'Cadet Congo Ganja', Tim Bailey
Oil on canvas, 40.5 x 30.5cm, 2007/08
The title of this painting was produced with internet software used to form Jamaican Creole names from English names. The phrase suggested a fusion of Mr Kurtz from Conrad's 'Heart of Darkness' and Colonel Kurtz from Coppola's 'Apocalypse Now.' In the novella, Kurtz was an ivory-trader on the Congo, while in the film he was an American soldier illegally encamped in Cambodia during the war in Vietnam. My Kurtz, 'Cadet Congo Ganja', is a cultural composite, a bust-portrait of a bald young Caucasian wearing the uniform of a West Point military cadet, his face modified by war paint that is part clown and part warrior.
My knowledge that Edgar Allan Poe was also a cadet at West Point (before his court-martial) may somehow have influenced this painting, which is from a series
of portraits of members of a fictional colonial family, 'The Rial Family'. The word 'Rial' ('royal' in English) is a modifier used by Jamaican Creoles to denote children of
mixed ethnic parentage. It refers to the Jamaican parent; so, for instance, Chinese/
Jamaican becomes Chiney-Rial. We arrive at this version of Kurtz-Royal, opaque and
as impenetrable as a joke told in a foreign language.
Tim Bailey was born in Flitwick, Bedfordshire in 1966.
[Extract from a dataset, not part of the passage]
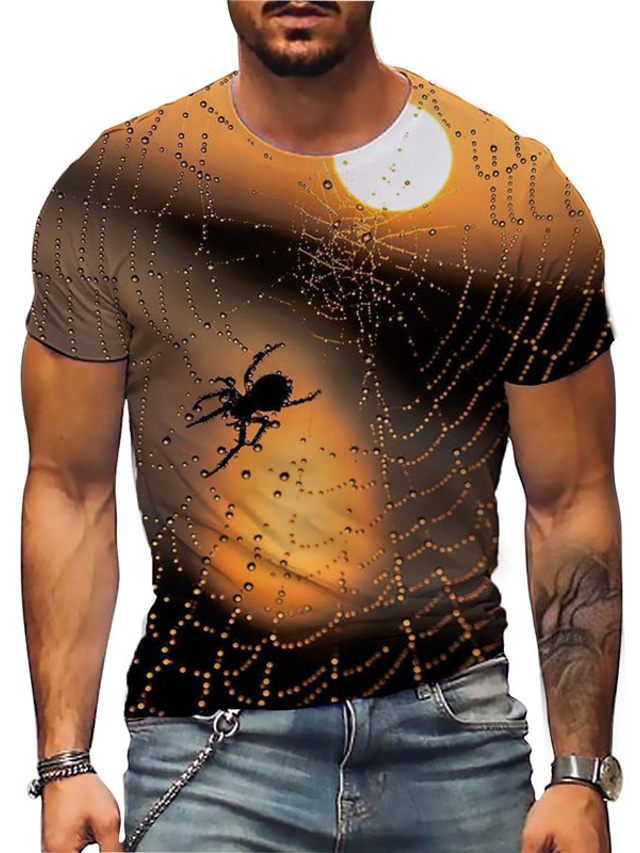  Men's T shirt Tee Designer Summer Short Sleeve Graphic Spider Print Crew Neck Street Daily Print Clothing Clothes Designer Casual Big and Tall Green Gray Brown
He attended Central Saint Martins London 1985-88. He has exhibited
in group shows including 'Near Sharjah' Museum of Art United Arab Emirates 1998, 'Slimvolume 01' Austrian Cultural Institute London 2001, 'Like Beads On An Abacus Designed To Measure Infinity' Rockwell London 2005, 'Frozen Tears III' (book launch) Koenig Books London 2006 and '990: General History of Other Areas' Beacon Art Project Mablethorpe Lincolnshire 2007.